Ask any ML practitioner where their time goes: not algorithms, but data. Collecting it, cleaning it, labelling it, fixing it. "Garbage in, garbage out" is the oldest saying in computing, and ML industrialized it: a mediocre algorithm with excellent data beats a brilliant algorithm with bad data, almost every time. Every model failure you will ever debug traces back, more often than not, to the data.

Everyday Analogy

A chef is only as good as their ingredients. Give a world-class chef wilted vegetables and spoiled fish, and no technique rescues the dish. Give a decent home cook pristine ingredients, and dinner is good. Models are chefs; data is the ingredients. Most kitchens spend more on sourcing than on knives.

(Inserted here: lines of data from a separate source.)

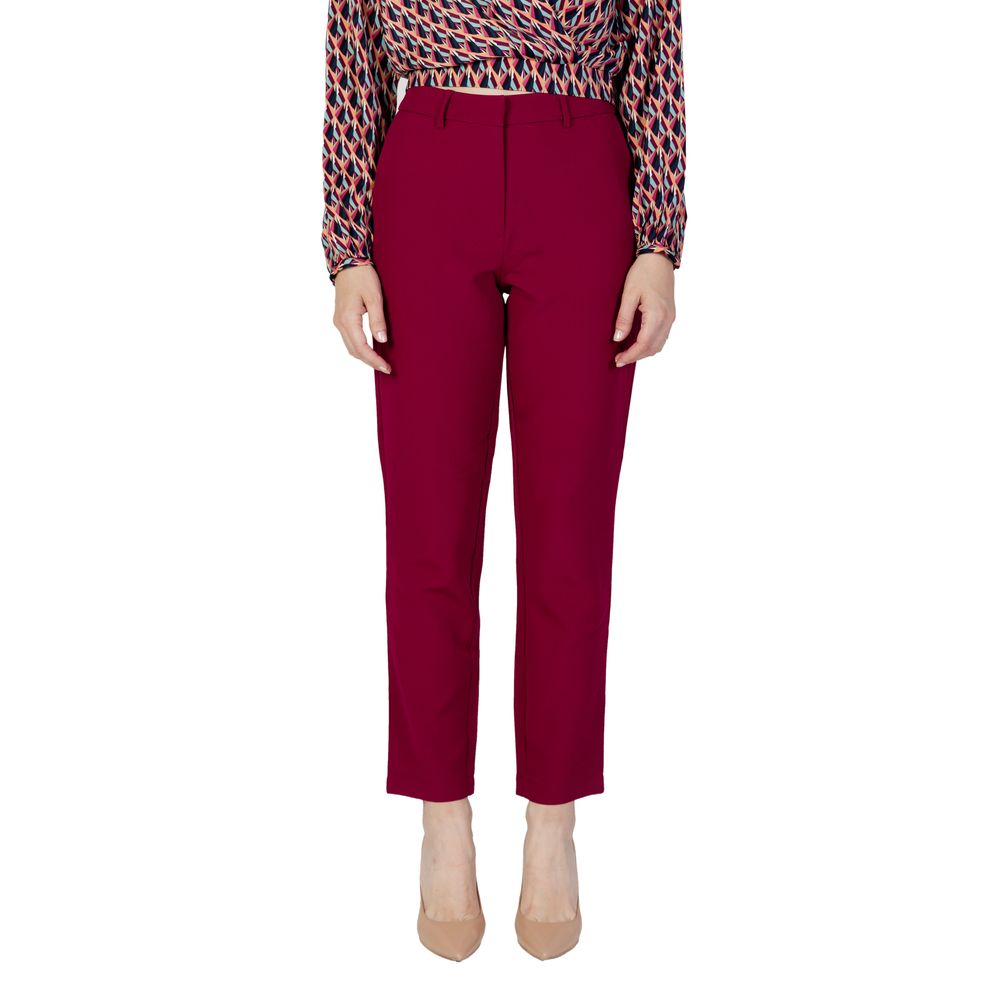 Woman wearing Vila Clothes Bordeaux Polyester Casual Pants with a patterned blouse, showcasing the elegant cigarette trouser style.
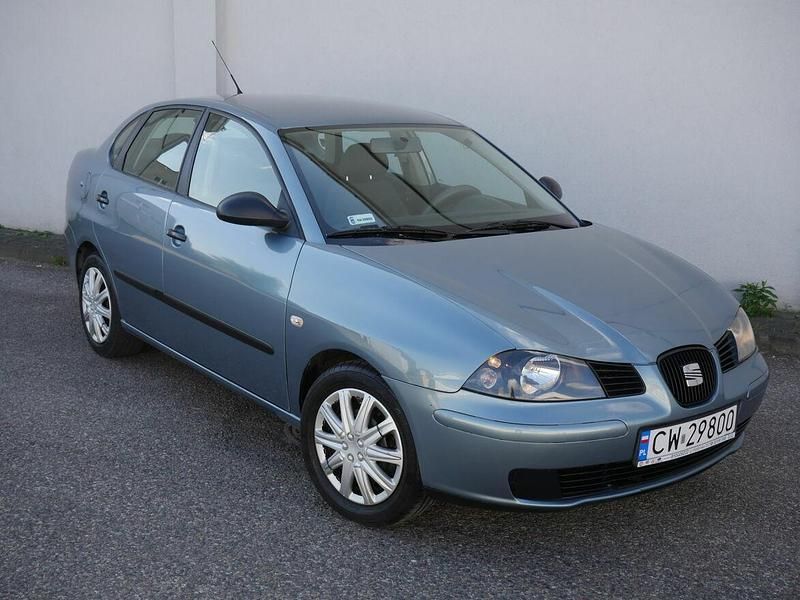 Inny kolor Używany 2005 Seat Cordoba Sedan/Limuzyna | 6900 zł (Drogi) - Obraz 1/4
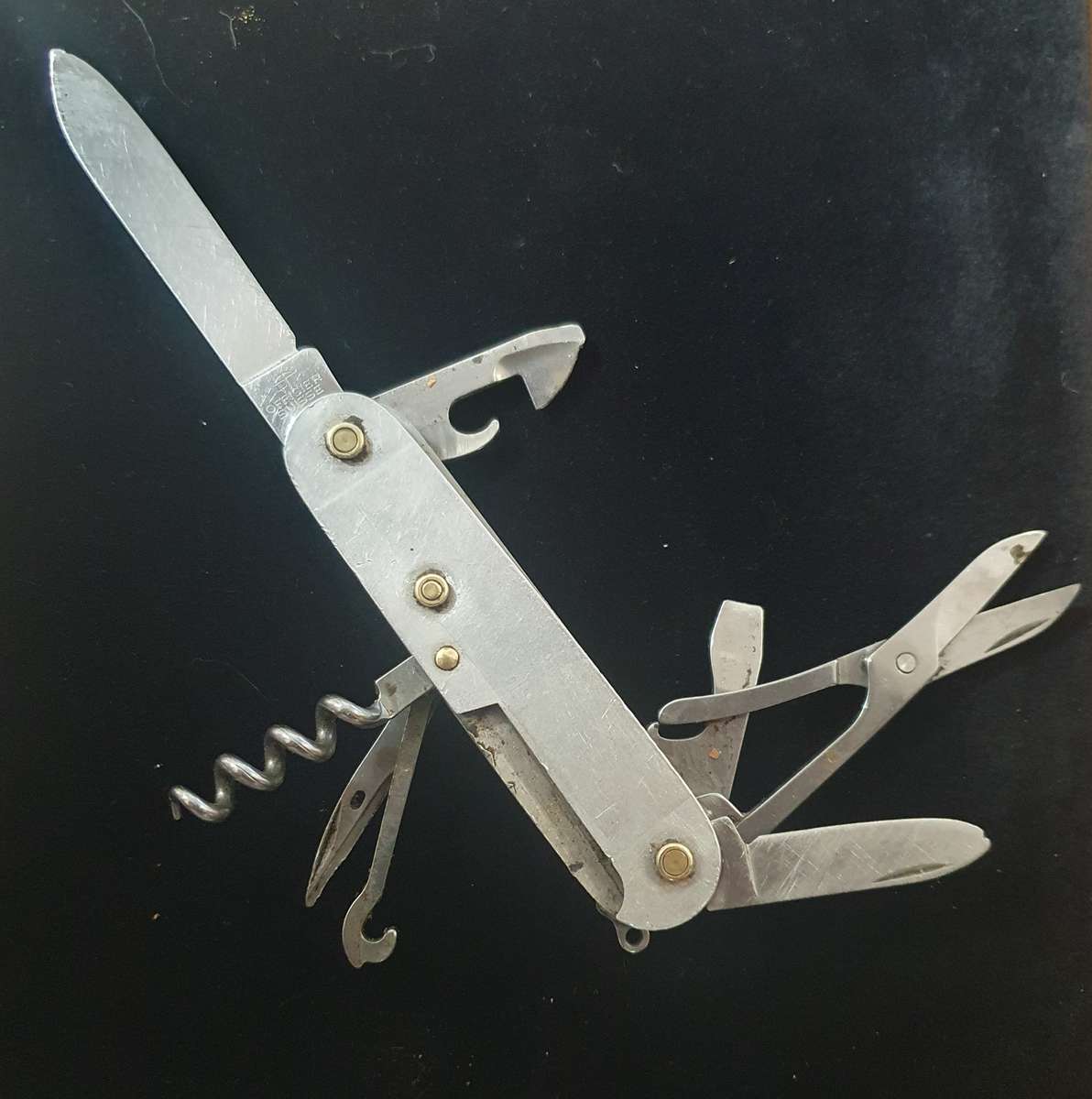 VICTORINOX OFFICIER SUISSE FOLDING KNIFE AS PER PHOTO REPORT.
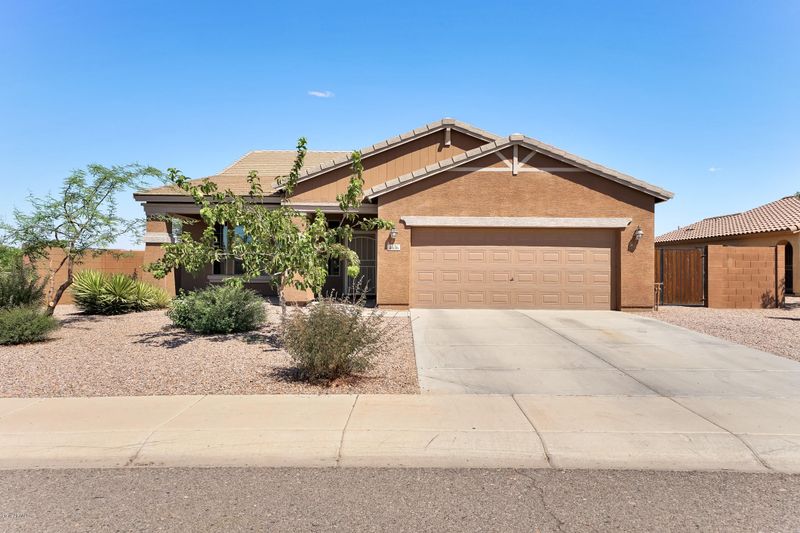 4636 E Del Rio Dr, San Tan Valley, AZ 85140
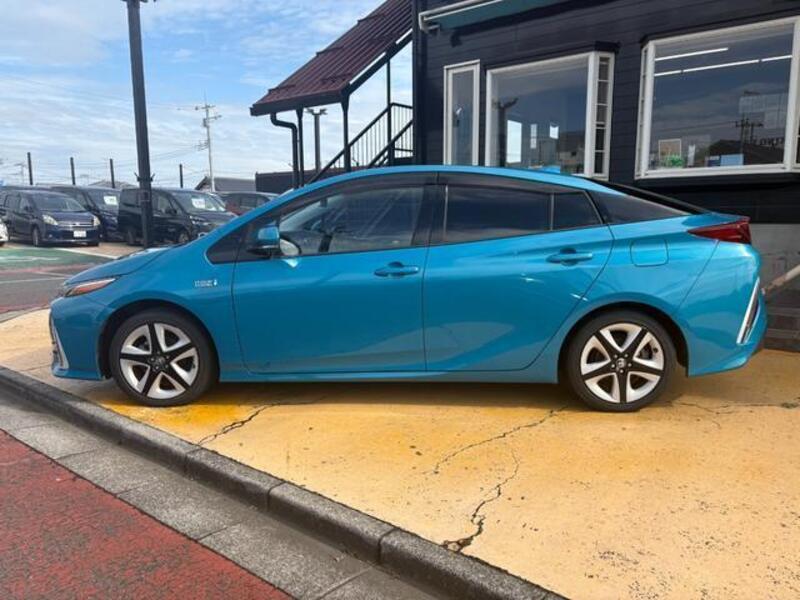 PRIUS PHV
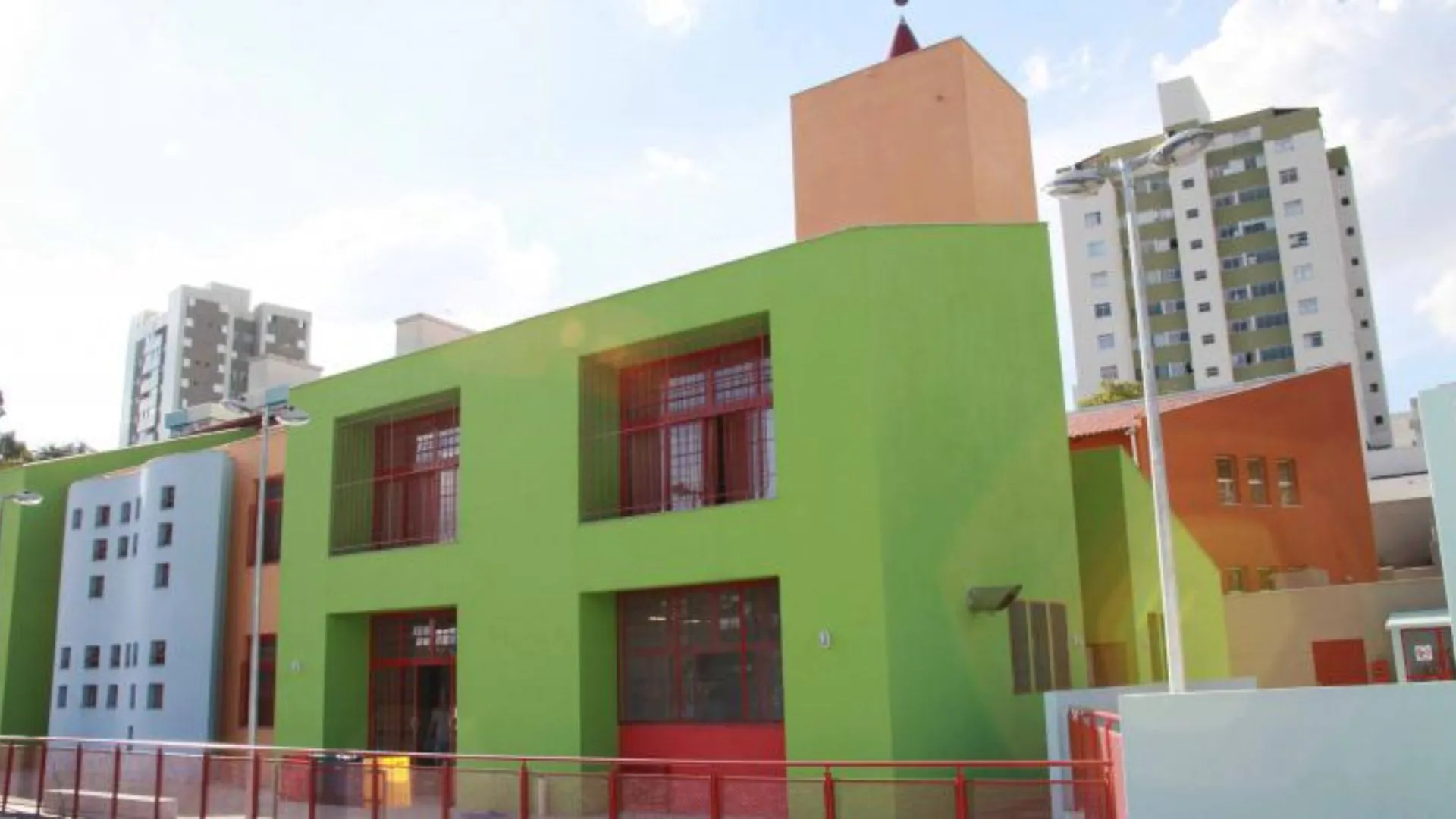 Nova lei prevê a troca de sinais sonoros em escolas de BH; entenda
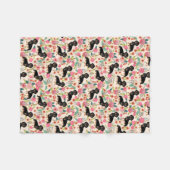 Doxieは-黒および黄褐色のダックスフント-クリームの一面をおおいます フリースブランケット (正面(横))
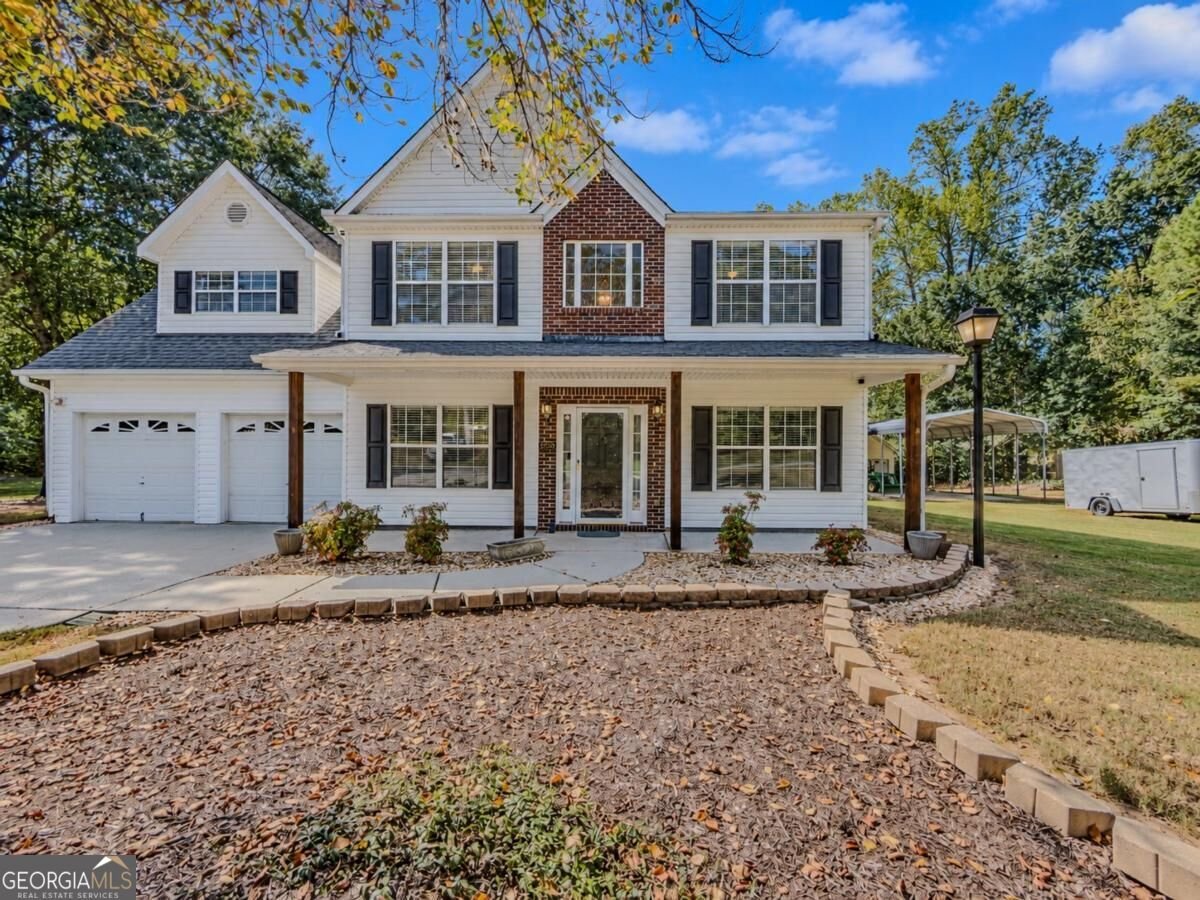 1205 Mystic Drive Loganville - main photo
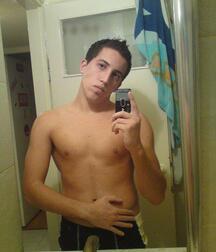 amazing boys gay tube luster  5fd7dd24c9bd7.jpg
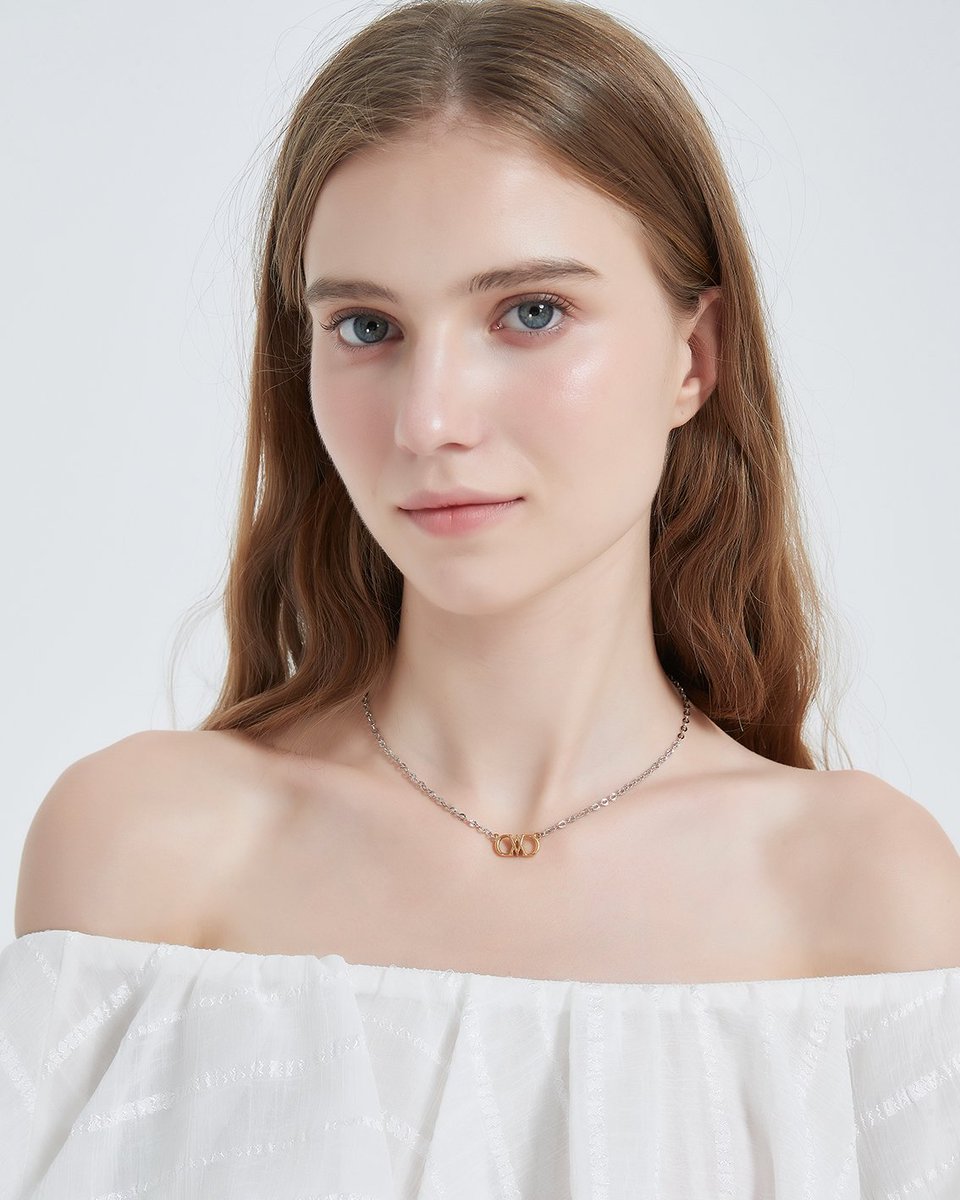 ADNEW_Official's tweet image. Thanks【ソリュン様】
This is our exclusive line of product.
ADNEW公式商品着用
《RION.7 Bicolor Symbol Necklace》
WHO:#NMIXX/#エンミックス/#엔믹스
#SULLYOON/#ソリュン/#설윤
WHERE+VIA:NMIXX公式Youtube/버블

The Data Types You'll Encounter

Type What it looks like Example
Structured Tables β€” rows and columns Sales records, sensor logs
Unstructured Free-form content Photos, emails, audio, PDFs
Labelled Examples WITH the correct answer attached Email + "spam" tag
Unlabelled Raw examples, no answers A billion untagged photos

The pairing matters: supervised learning (AI-002) needs labelled data, and labels usually come from paid human effort, which is why labelled data is the expensive kind. LLMs cracked this economics by pre-training on unlabelled internet text, where the "label" is simply the next word (AI-009).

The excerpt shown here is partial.